Parallel processing of incremental backup in XtraBackup reduces prepare time and changes I/O behavior under load.
The problem does not manifest immediately — until the incremental backup starts to consist of thousands of .delta files. In the classic model, XtraBackup processed them sequentially. This meant high per-file overhead and linear growth in time during the prepare stage. In large installations with many tables (.ibd), prepare became a bottleneck and slowed down recovery time.
The solution is to add parallelism to the change application phase. In XtraBackup versions 8.0.35-33 and 8.4.0-3, a –parallel flag was introduced for the xtrabackup –prepare –apply-log-only command. Now the system first scans the backup directory and builds a queue of .delta files. Then multiple threads process this queue in parallel. This is a trade-off: acceleration is achieved at the cost of increased competition for disk I/O and overhead from managing threads.
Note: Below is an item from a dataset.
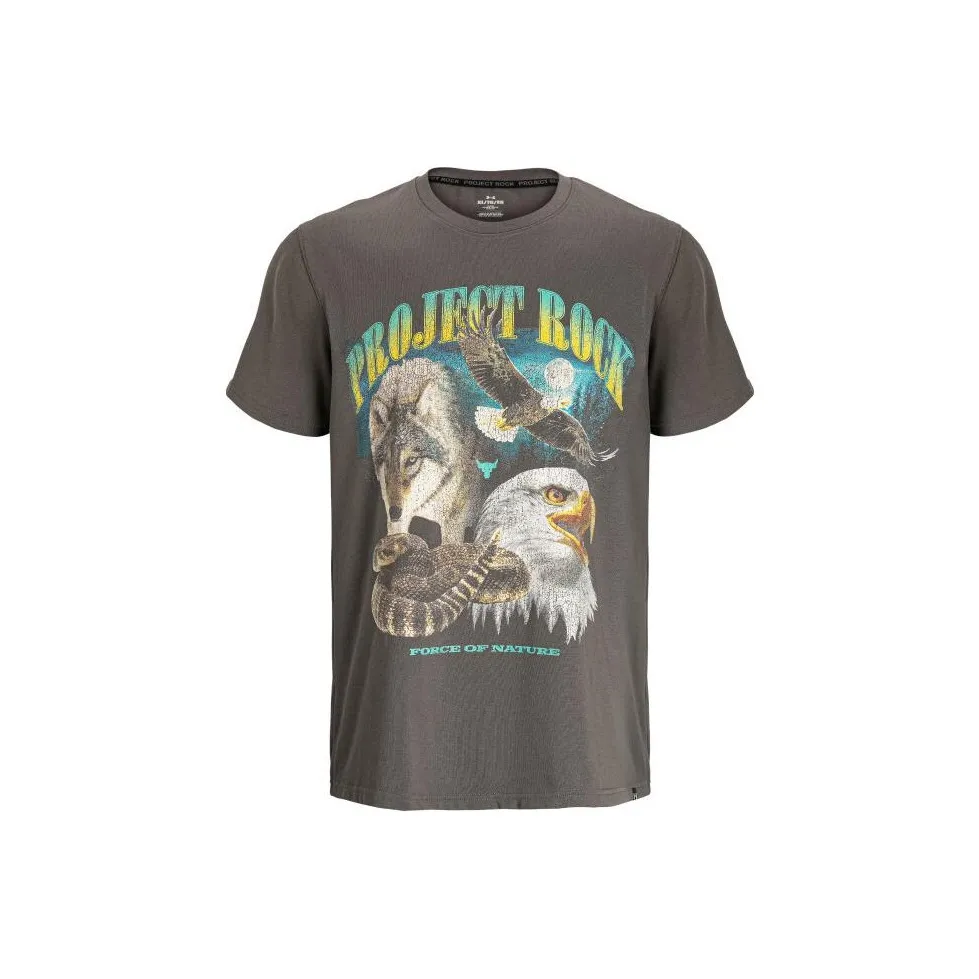 Under Armour T-Shirt Мужской Угольный Серый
The implementation changed the execution model itself. Previously, a file was processed immediately upon detection. Now, an explicit task queue is introduced. Each thread reads a .delta file and applies changes to the corresponding InnoDB file (.ibd). This scales better with a large number of small files. However, with fewer or larger files, the effect is limited. After about 16 threads, performance may plateau or even degrade slightly due to overhead.
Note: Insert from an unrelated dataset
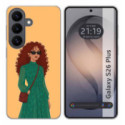 Funda Silicona para Samsung Galaxy S26+ Plus 5G diseño Mujer 06 Dibujos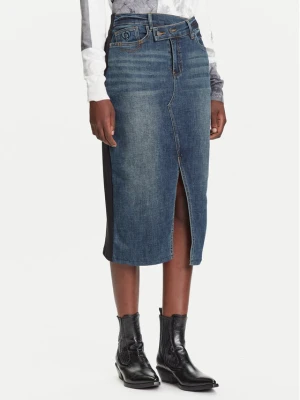 Foto del prodotto Desigual Gonna di jeans Twisted 25WWFD03 Blu scuro Regular Fit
Results show that the gain depends on the backup structure. In a scenario with 20,608 files of 2.5 MB, increasing –parallel from 1 to 64 resulted in Disk Write IOPS increasing from 18.2K to 85K. Prepare time decreased from 3.76 minutes to about one minute. This is approximately a 3.5x speedup with I/O growth of 4.67 times. In another case, time decreased from 237 minutes to 6 minutes, yielding up to a 40x speedup. There is no universal value, but a practical starting point is 8 threads.
It is important to understand the causal relationship: acceleration is achieved not by “magic,” but through better disk utilization and parallelizing small operations. If the system is already hitting IOPS or CPU limits, increasing –parallel will not help. In such conditions, regression is even possible. This is a typical trade-off between the latency of individual operations and the overall throughput of the system.
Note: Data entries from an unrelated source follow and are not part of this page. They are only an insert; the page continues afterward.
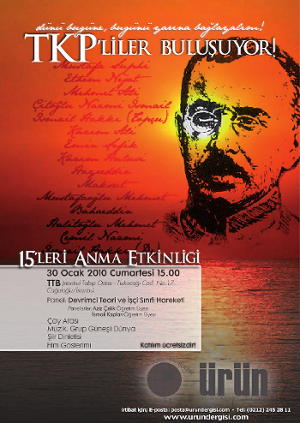 15 eğilmez baş, Ürün Sosyalist Dergi'nin etkinliğiyle anılıyor!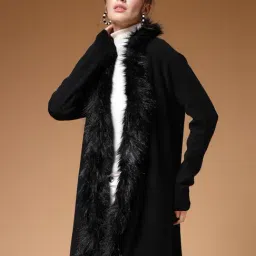 Mafadeny Black Long Shrug-image-39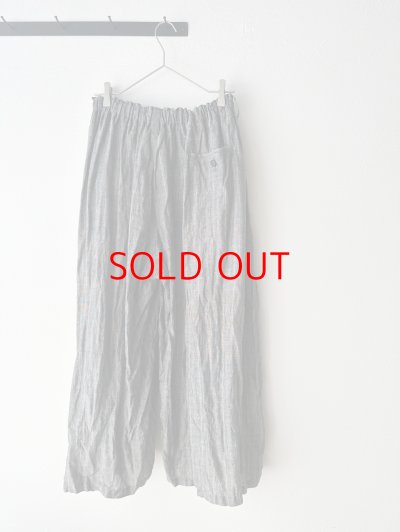 画像6: Vlas Blomme 40/1 Linen Stripe カーブパンツ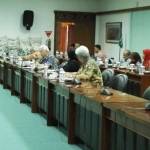 Suasana rapat Panja Freeport DPR RI, manajemen PT. Freeport Indonesia, Direksi PG dan pihak terkait di Wisma Kebomas PG. foto: SYUHUD/ BANGSAONLINE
From an operational perspective, this change shifts the focus of tuning. Previously, the key factor was the backup structure. Now, it is the balance between the number of threads and the capabilities of the storage. Observability through IOPS metrics becomes critical for finding the optimal value.
In the industry, this approach has long been used for tasks with a high number of small files. XtraBackup is effectively catching up to this pattern. This is an evolutionary improvement that addresses a real bottleneck without changing the backup format.